Data extracts
* * * * * * *

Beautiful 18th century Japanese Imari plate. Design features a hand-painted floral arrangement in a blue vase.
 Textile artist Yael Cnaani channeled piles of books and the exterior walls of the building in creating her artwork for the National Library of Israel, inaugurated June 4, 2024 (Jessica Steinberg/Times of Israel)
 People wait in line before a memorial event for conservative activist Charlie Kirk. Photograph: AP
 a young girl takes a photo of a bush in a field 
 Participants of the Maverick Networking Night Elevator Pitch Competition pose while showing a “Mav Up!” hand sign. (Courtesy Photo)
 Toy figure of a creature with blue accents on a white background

* * * * * * *

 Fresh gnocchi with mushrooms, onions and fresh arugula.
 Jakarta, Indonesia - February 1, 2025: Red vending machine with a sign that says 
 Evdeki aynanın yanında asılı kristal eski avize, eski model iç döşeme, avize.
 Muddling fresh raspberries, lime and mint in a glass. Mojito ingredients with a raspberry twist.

* * * * * * *

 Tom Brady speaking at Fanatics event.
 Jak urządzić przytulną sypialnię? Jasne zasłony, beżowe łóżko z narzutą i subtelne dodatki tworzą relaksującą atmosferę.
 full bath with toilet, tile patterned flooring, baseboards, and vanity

* * * * * * *

Exercise prompt
When you reach the line holding "Jakarta, Indonesia - February" in the records above, begin reproducing exactly, stop after the line holding "Muddling fresh raspberries, lime", and output nothing else.

Response area
 Jakarta, Indonesia - February 1, 2025: Red vending machine with a sign that says 
 Evdeki aynanın yanında asılı kristal eski avize, eski model iç döşeme, avize.
 Muddling fresh raspberries, lime and mint in a glass. Mojito ingredients with a raspberry twist.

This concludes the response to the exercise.